- Born: 1 February 1927
- Died: 30 September 2015 (aged 88)
- Education: Oxford University; University College Hospital;
- Occupations: Physician; Clinical researcher;
- Employers: University College Hospital; St Bartholomew‘s Hospital Medical College;

= John Dickinson (physician) =

British physician and clinical researcher

Professor Christopher John Dickinson DM, FRCP, ARCO (1927-2015), known as John, was a British physician and clinical researcher.

Dickinson was born on 1 February 1927. He underwent medical training at Oxford University and at University College Hospital, London.
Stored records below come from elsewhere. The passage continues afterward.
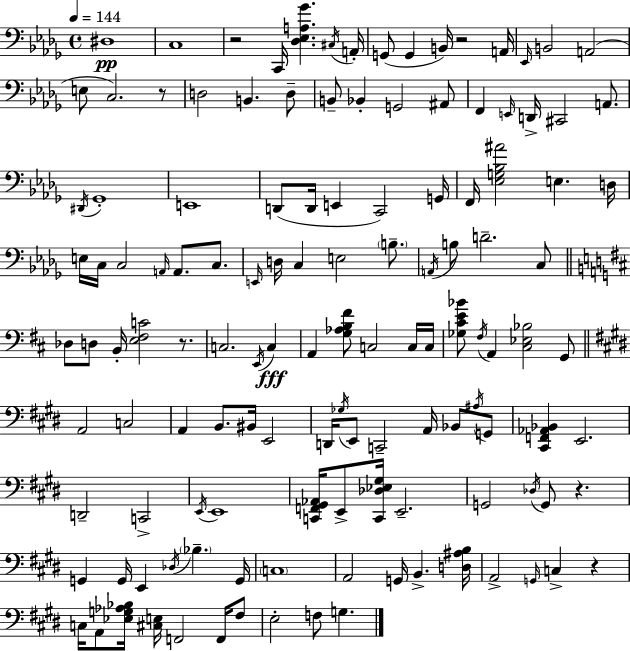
{
  \clef bass
  \time 4/4
  \defaultTimeSignature
  \key bes \minor
  \tempo 4 = 144
  dis1\pp | c1 | r2 c,16 <des ees a ges'>4. \acciaccatura { cis16 } | a,16-. g,8( g,4 b,16) r2 | \break a,16 \grace { ees,16 } b,2 a,2( | e8 c2.) | r8 d2 b,4. | d8-- b,8-- bes,4-. g,2 | \break ais,8 f,4 \grace { e,16 } d,16-> cis,2 | a,8. \acciaccatura { dis,16 } ges,1-. | e,1 | d,8( d,16 e,4 c,2) | \break g,16 f,16 <ees g bes ais'>2 e4. | d16 e16 c16 c2 \grace { a,16 } a,8. | c8. \grace { e,16 } d16 c4 e2 | \parenthesize b8.-- \acciaccatura { a,16 } b8 d'2.-- | \break c8 \bar "||" \break \key d \major des8 d8 b,16-. <e fis c'>2 r8. | c2. \acciaccatura { e,16 } c4\fff | a,4 <g aes b fis'>8 c2 c16 | c16 <ges cis' e' bes'>8 \acciaccatura { fis16 } a,4 <cis ees bes>2 | \break g,8 \bar "||" \break \key e \major a,2 c2 | a,4 b,8. bis,16 e,2 | d,16 \acciaccatura { ges16 } e,8 c,2-- a,16 bes,8 \acciaccatura { ais16 } | g,8 <cis, f, aes, bes,>4 e,2. | \break d,2-- c,2-> | \acciaccatura { e,16 } e,1 | <c, f, gis, aes,>16 e,8-> <c, des ees gis>16 e,2.-- | g,2 \acciaccatura { des16 } g,8 r4. | \break g,4 g,16 e,4 \acciaccatura { des16 } \parenthesize bes4.-- | g,16 \parenthesize c1 | a,2 g,16 b,4.-> | <d ais b>16 a,2-> \grace { g,16 } c4-> | \break r4 c16 a,8 <ees g aes bes>16 <cis e>16 f,2 | f,16 fis8 e2-. f8 | g4. \bar "|."
}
He worked at University College Hospital from 1964, and became Professor of Medicine (in 1974) and Chairman of the Department of Medicine at St Bartholomew's Hospital Medical College, retiring in 1982. He was subsequently Emeritus Visiting Professor at the Wolfson Institute of Preventive Medicine.

He was a member of the Medical Research Council and Chairman of the British Medical Research Society. He was also Secretary of the European Society for Clinical Investigation, an Honorary Fellow of Queen Mary University of London, a Fellow of the Royal College of Physicians (FRCP), and an Associate of the Royal College of Organists (ARCO).

He died on 30 September 2015.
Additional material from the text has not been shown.